Mars, en quadrature le 11 août, continue son mouvement dans la Balance et, à la fin du mois, aura pénétré dans l’éventail que forme Antarès avec les quatre étoiles du Scorpion, β, δ, π, φ. L’heure de son coucher avance de 10 h. 41 m. du soir à 9 h. 25 m. environ, de sorte que la planète ne sera pas, pour l’observation, dans une situation très favorable.

Jupiter, toujours dans le Lion, sera à peine visible le soir, car il se couche de plus en plus tôt, à peine une heure après le soleil, le 1er août, et quelques minutes seulement après lui à la fin du mois.

Saturne seul reste à peu près visible toute la nuit, dans la constellation du Sagittaire, mais dans une situation toujours peu favorable, à cause du peu d’élévation de la planète au-dessus de l’horizon, du moins dans nos contrées de la zone tempérée boréale.

Mais laissons là les planètes. Le véritable intérêt pendant le mois d’août, est ailleurs pour les amateurs d’astronomie physique. On sait que les nuits qui précèdent et suivent le 10 août sont, périodiquement, le théâtre d’une apparition d’étoiles filantes inaccoutumée. La terre, à cette époque, se trouve traverser l’essaim de météores auquel on a donné le nom de Perséides, parce que c’est dans la constellation de Persée qu’est situé le point radiant de cet essaim. Ce n’est pas que le nombre des météores soit maintenant bien considérable ; depuis une vingtaine d’années, il est en décroissance. Mais le phénomène n’a pas pour cela diminué d’intérêt, car il s’agit toujours, tout en constatant la loi de cette décroissance, de déterminer le point ou les points de convergence des trajectoires lumineuses, de manière à se rendre compte de ses variations de position. Les observateurs de ces apparitions sont très-nombreux aujourd’hui soit à l’étranger, soit en France, ce qui est d’un grand avantage pour l’astronomie, puisque les chances d’une observation favorable se multiplient avec le nombre des postes établis dans ce but. En 1869, par exemple, le midi de l’Espagne avait un temps couvert qui n’a pas permis à M. Arcimis, de Cadix, de n’observer que 25 météores ; mais déjà, à Marseille, M. Borelly en enregistrait 146 dans la seule nuit du 10 au 11 août entre 8 h. 1/2 du soir et 2 h. du matin ; quelques beaux bolides furent en outre remarqués. À Palerme, M. Tacchini était encore plus heureux : il notait 472 météores et calculait pour le point radiant une ascension droite de 43° avec une déclinaison boréale de 57°, correspondant à un point de la constellation de Persée. À Urbino (Italie), M. Serpieri observait 470 météores, mais les étoiles filantes y semblaient distribuées en plusieurs groupes ayant chacun leur point radiant distinct. Il y avait toutefois accord avec les observations de Palerme, en ce sens que la position moyenne des points radiants coïncidait toujours avec celle que M. Tacchini avait calculée. À Velletri enfin, sur 566 étoiles filantes observées, 461 parurent appartenir à l’essaim des Perséides, les autres étaient des étoiles sporadiques.

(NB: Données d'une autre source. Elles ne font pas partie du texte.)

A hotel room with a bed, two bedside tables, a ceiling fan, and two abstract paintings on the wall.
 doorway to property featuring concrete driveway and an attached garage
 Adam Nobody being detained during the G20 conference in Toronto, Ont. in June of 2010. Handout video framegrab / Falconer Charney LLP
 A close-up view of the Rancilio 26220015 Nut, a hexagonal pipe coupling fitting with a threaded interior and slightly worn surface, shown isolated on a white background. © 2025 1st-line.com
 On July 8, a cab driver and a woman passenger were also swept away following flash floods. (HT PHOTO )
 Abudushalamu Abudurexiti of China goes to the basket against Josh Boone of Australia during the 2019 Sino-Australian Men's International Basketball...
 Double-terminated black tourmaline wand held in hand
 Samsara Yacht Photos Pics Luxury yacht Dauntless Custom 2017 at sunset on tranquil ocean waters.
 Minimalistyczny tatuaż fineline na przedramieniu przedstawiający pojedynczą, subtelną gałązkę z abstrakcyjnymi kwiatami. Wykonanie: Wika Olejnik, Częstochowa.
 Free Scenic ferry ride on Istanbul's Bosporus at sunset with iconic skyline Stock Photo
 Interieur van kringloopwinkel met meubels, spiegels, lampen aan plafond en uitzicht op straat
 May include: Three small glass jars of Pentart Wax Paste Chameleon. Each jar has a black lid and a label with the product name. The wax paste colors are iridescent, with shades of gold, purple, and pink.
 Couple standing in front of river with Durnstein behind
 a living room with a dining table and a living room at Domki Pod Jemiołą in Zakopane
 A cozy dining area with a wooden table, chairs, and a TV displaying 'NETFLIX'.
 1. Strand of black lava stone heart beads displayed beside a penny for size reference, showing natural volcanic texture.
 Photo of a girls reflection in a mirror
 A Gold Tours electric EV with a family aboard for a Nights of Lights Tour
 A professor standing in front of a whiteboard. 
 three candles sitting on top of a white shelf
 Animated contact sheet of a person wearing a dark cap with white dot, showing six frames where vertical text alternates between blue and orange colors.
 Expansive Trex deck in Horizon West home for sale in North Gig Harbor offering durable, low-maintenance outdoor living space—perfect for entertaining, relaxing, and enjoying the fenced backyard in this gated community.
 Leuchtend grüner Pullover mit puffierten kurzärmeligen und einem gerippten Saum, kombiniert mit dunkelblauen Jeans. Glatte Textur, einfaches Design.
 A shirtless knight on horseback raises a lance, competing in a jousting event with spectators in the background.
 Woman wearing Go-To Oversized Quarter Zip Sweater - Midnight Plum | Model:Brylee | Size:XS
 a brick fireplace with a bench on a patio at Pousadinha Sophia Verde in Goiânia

Depuis plusieurs années, grâce à l’initiative de l’Association scientifique de France et de plusieurs astronomes étrangers, une organisation spéciale a été instituée pour l’observation régulière des essaims météoriques, et particulièrement pour ceux du 10 août et du milieu de novembre. Des cartes célestes sont distribuées aux divers groupes d’observateurs ; ces cartes ne sont autre chose que les projections de la partie du ciel visible à ces époques sur l’horizon, et c’est là qu’on trace pendant la durée même des observations les trajectoires des météores, en notant autant que possible le point de départ et le point d’évanouissement de chacun d’eux, en y joignant l’heure de l’apparition. Les chronomètres des diverses stations sont réglés télégraphiquement, de sorte que toutes les observations se trouvent comparables. On peut ainsi réunir et discuter une série de documents, qui, d’année en année, se trouvent destinés à fournir tous les éléments de l’interprétation du phénomène : la position des points radiants, la vitesse de translation des météores, la hauteur au-dessus de l’horizon terrestre de ceux qui ont été observés simultanément en des stations suffisamment éloignées, leur couleur, etc. Nos lecteurs savent sans doute qu’un astronome italien, M. Schiaparelli, a proposé une théorie très-ingénieuse de la périodicité des essaims météoriques, qu’il assimile à des courants de matière nébuleuse analogue à celle qui constitue les comètes. Il y a plus : la discussion des éléments de plusieurs essaims a démontré à peu près l’identité de plusieurs d’entre eux avec certaines comètes observées. Ainsi l’essaim des Perséides ne serait qu’un fragment de la comète de 1862, tandis que les météores de novembre, les Léonidas, ainsi nommés de leur point radiant qui est un point de la constellation du Lion, paraissent devoir être identifiés avec une comète que M. Tempel a découverte en 1866, et dont la période de révolution est d’environ 33 années. L’assimilation est d’autant mieux fondée que les comètes en question et les essaims ont, à fort peu de choses près, les mêmes éléments astronomiques : excentricité de l’orbite, inclinaison, sens du mouvement, position du nœud et du périhélie, grand axe, tout se ressemble dans les orbites respectives.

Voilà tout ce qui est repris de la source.